» Instructions to follow:
The expected output is the full set of entries, printed exactly, without pictures.

» Material shown:
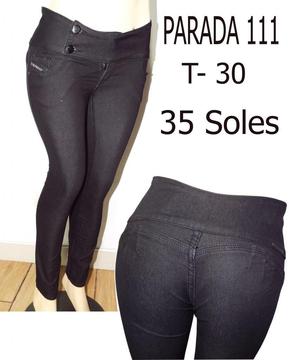 Pantalón Jean Parada 111 negro Strech T- 30 Polo Casaca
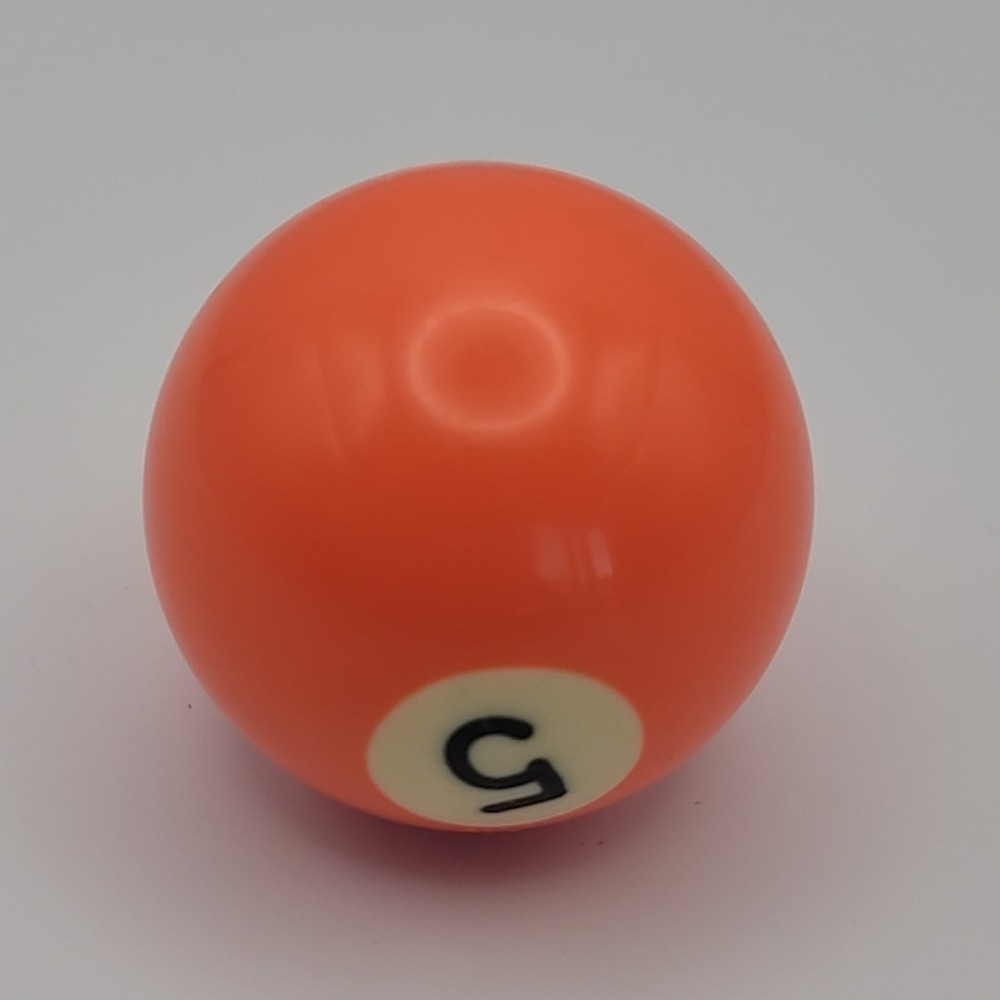 Vintage Billiard Ball / Pool Table Ball Small 1.5" Diameter VTG Solid Orange #5
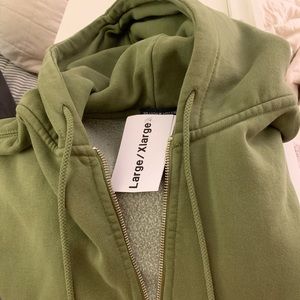 COPY - Brandy Melville Oversized (One Size) Christy Hoodie Olive Green NWT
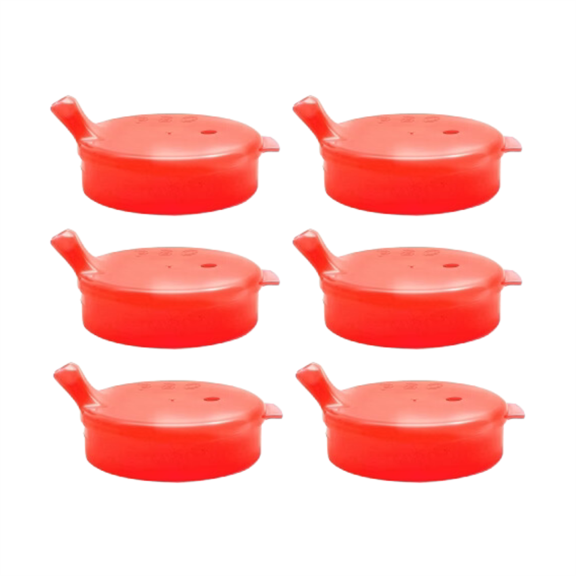 Providence Spillproof Replacement Lids, Red Spout Lids / 6 Pack
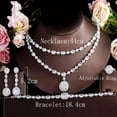 thumbnail image 4 of Sparkly White CZ Multi Layer Costume Necklace Earrings Ring Bracelet Jewelry Set, 4 of 7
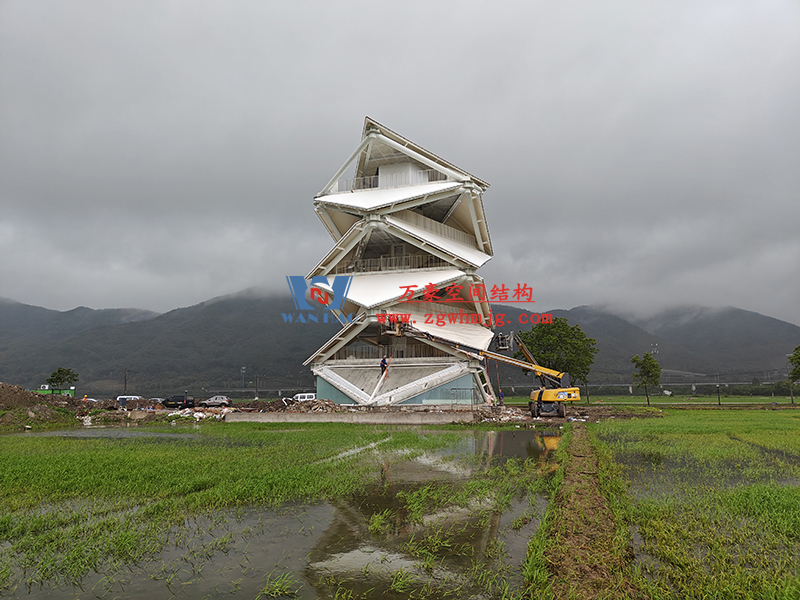 萬豪2023第8標-數智農業產業園先行啟動區塊項目設計施工總承包-瞭望塔膜結構工程 萬豪2023第8標-數智農業產業園先行啟動區塊項目設計施工總承包-瞭望塔膜結構工程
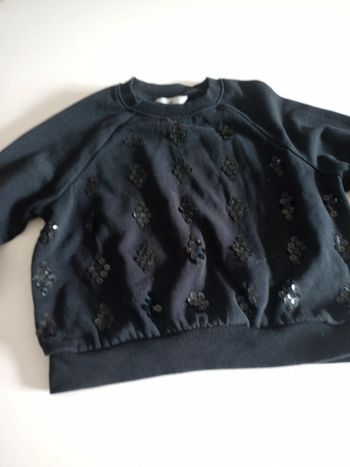 Pull noir hm paillettes 14 ans tbe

» Task output:
 Pantalón Jean Parada 111 negro Strech T- 30 Polo Casaca
 Vintage Billiard Ball / Pool Table Ball Small 1.5" Diameter VTG Solid Orange #5
 COPY - Brandy Melville Oversized (One Size) Christy Hoodie Olive Green NWT
 Providence Spillproof Replacement Lids, Red Spout Lids / 6 Pack
 thumbnail image 4 of Sparkly White CZ Multi Layer Costume Necklace Earrings Ring Bracelet Jewelry Set, 4 of 7
 萬豪2023第8標-數智農業產業園先行啟動區塊項目設計施工總承包-瞭望塔膜結構工程 萬豪2023第8標-數智農業產業園先行啟動區塊項目設計施工總承包-瞭望塔膜結構工程
 Pull noir hm paillettes 14 ans tbe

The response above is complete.